#### [What is required]
Reproduce the listing in its entirety. Do not reproduce the pictures.

#### [Data segment]
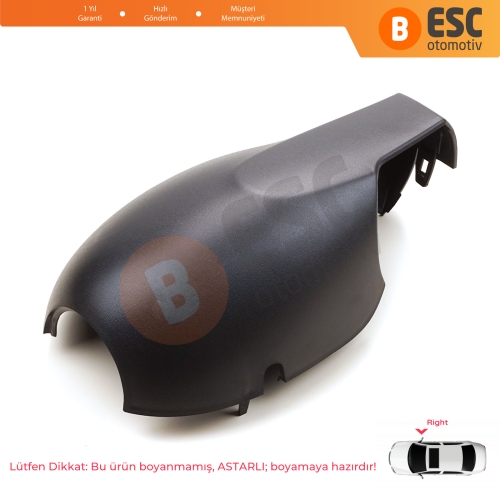 Renault Symbol 2 Thalia için Sağ Yan Dış Ayna Kapağı 8200634548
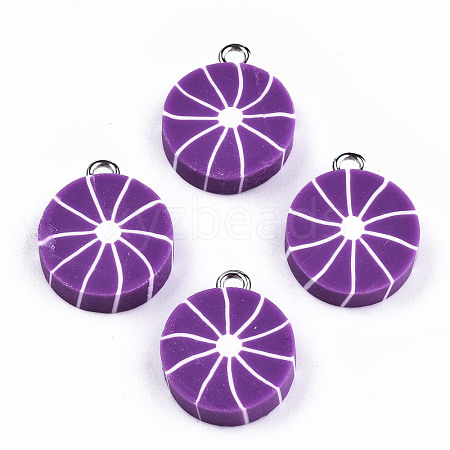 Handmade Polymer Clay Pendants CLAY-T016-69-1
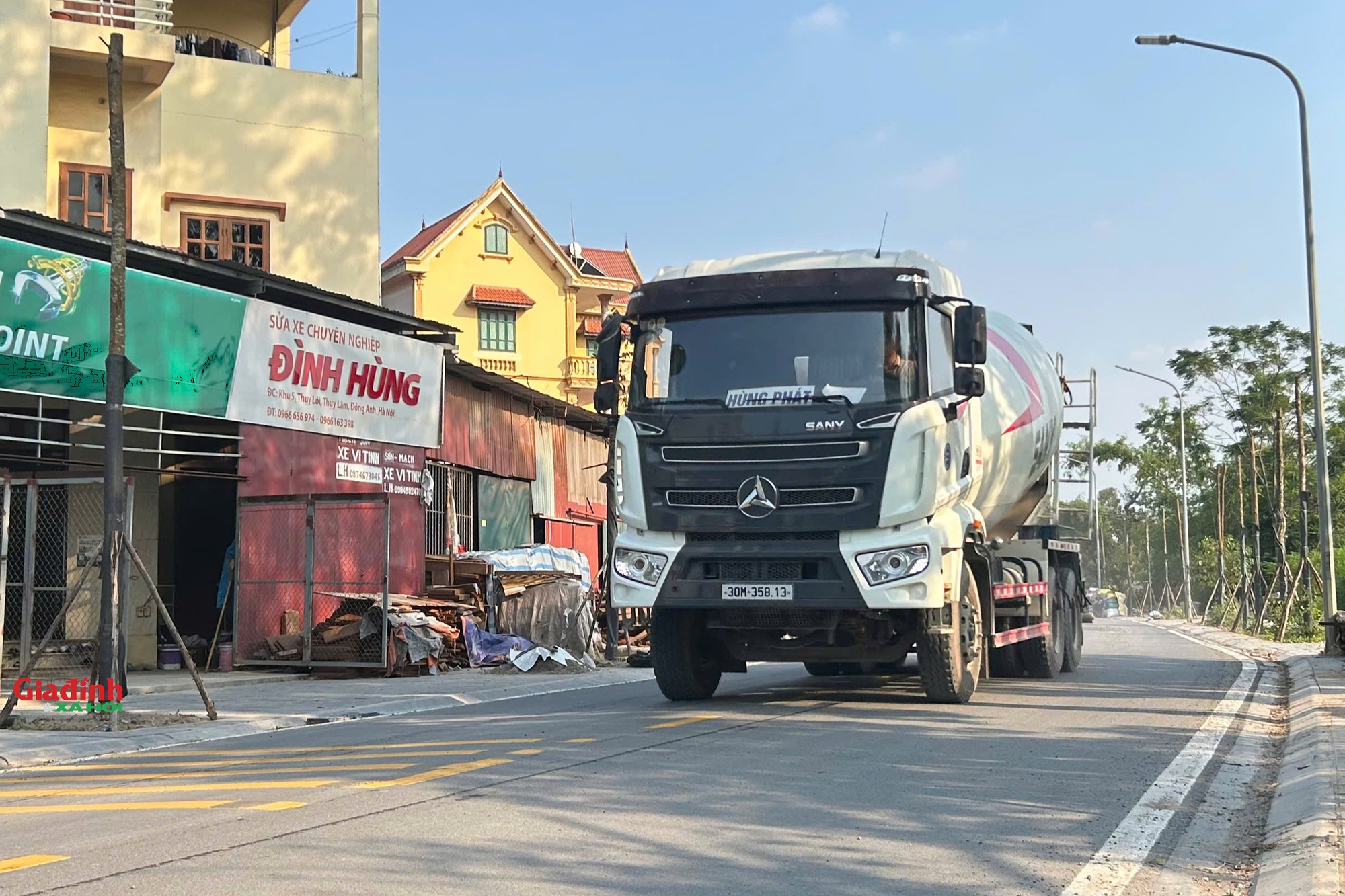Hà Nội: Người dân bức xúc khi trạm trộn bê tông khủng 'mọc' trên đất dự án Cụm công nghiệp 'sạch' Thụy Lâm - Ảnh 7.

#### [Completed exercise]
 Renault Symbol 2 Thalia için Sağ Yan Dış Ayna Kapağı 8200634548
 Handmade Polymer Clay Pendants CLAY-T016-69-1
Hà Nội: Người dân bức xúc khi trạm trộn bê tông khủng 'mọc' trên đất dự án Cụm công nghiệp 'sạch' Thụy Lâm - Ảnh 7.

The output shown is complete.